I would normally be tempted to say NO WAY JOSE, but last week I was given the rare opportunity to take care of a three month old foster baby. When I was first asked to do this, for a split second, I immediately thought about how hectic my house already was and flashes of more chaos thundered before my eyes. But my answer was automatically yes, simply because it has been a long standing dream of mine to be a foster parent one day.

So I welcomed this baby girl into my home and allowed her to join our family’s crazy life for a few days. At first, she was just another baby. Very cute, cuddly, and adorably chubby. However, between running back and forth from baby to baby, warming up bottles of milk, and trying to keep my two older children entertained, I hardly had a moment to really sit down and connect with this girl the way I wanted to.

And then it was naptime and both my baby and this foster baby were crying inconsolably. At first, I alternated between the two, doing my best to comfort each of them for short increments at a time, but that wasn’t helping either of them. So eventually, I gathered both of them into my arms and holding them tightly, I wondered how moms of multiples do it. Then after several minutes passed, I was not sure how much longer I could take before my arms could quite possibly break off, and with each passing second, I became more and more certain that three was REALLY my max and I could not adequately take care of any more.

Thankfully, they both calmed down soon enough and I was able to finally lay them down on the bed for a diaper change. When I was all done, it was just as I was snapping up the final buttons on their little onsies that I caught a glance of their faces and paused to see two pairs of innocent eyes staring intently up at me, one pair brown and the other pair blue.
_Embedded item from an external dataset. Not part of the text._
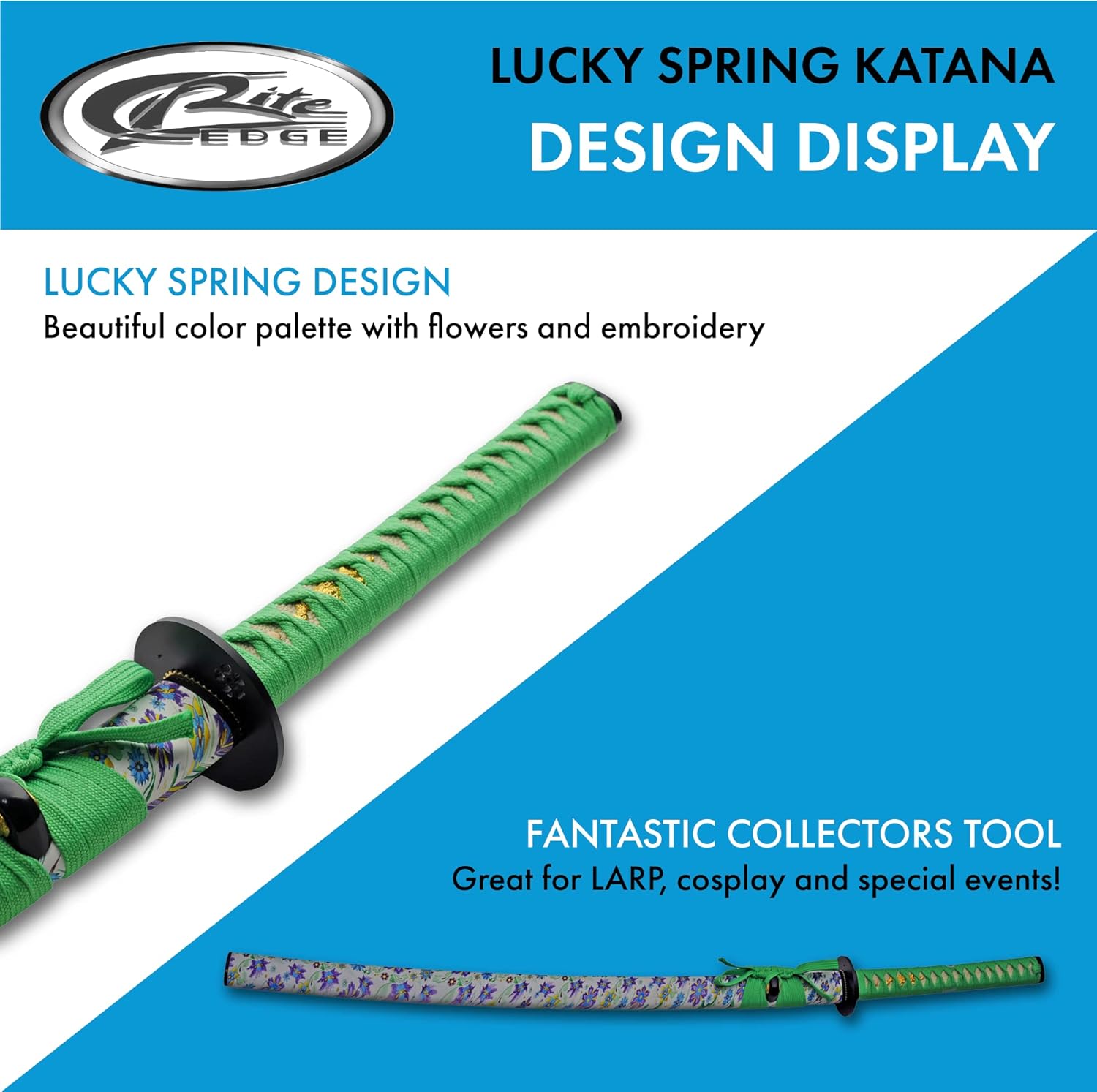 SZCO Supplies 39 inch Carbon Steel Replica Katana Sword with ABS Printed Scabbard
And even as I could feel the beads of sweat trickling their way down my crown from the previous moment’s frenzy, joy took over and overwhelmed me. Both their gazes were so intense and full of longing that almost instinctively, I felt the need to respond. I had to engage.

So looking back and forth from one baby to the other, I spent the next several minutes singing the first made up song that came to mind while they took turns smiling each time my eyes locked with theirs. They were bursting with delight, my son delighting in the love of his mother and this little girl delighting in me just the same. And it was during one of these times I looked deep into those newly acquainted blue eyes, both full of wonder and full of loss that I wasn’t sure she even really knew of, that my heart broke, burst, and became filled to the brim with compassion all at the same time.

How could this happen to a child?? It was an absolute devastating tragedy to think that this baby or any other baby in the world for that matter should be without mother or father. I could not even fathom this happening to the one laying next to her, my beloved son, and I suddenly felt a new measure of love to make room for her in our home, to care for her, and to give her everything I had. She could be like one of my own.

Yet I knew very well that this compassion, this feeling, this urge to love, was not something that spontaneously sprung up from myself nor was it based on any of my own goodness,  “goodness” which had been tested so many times before only to fail and even just a minute ago could not imagine caring for a single child more. But as I sat there suddenly weeping over this girl and her poverty, I thanked God because He was showing me His heart and His capacity to love not only His own one and only begotten son with a perfect love, but to ALSO love each of us orphans in the world with such burning compassion that it moves Him to respond and welcome us all into his home, every single last one of us.

I then knew I could do the same….maybe not for all of creation, but at least for the ones He brought into my life and the ones He might continue to bring, to both extend and to taste for myself a small portion of God’s infinite love.

I am so thankful for this grace. It is the grace to be loved and a grace to love freely with a love that never runs out.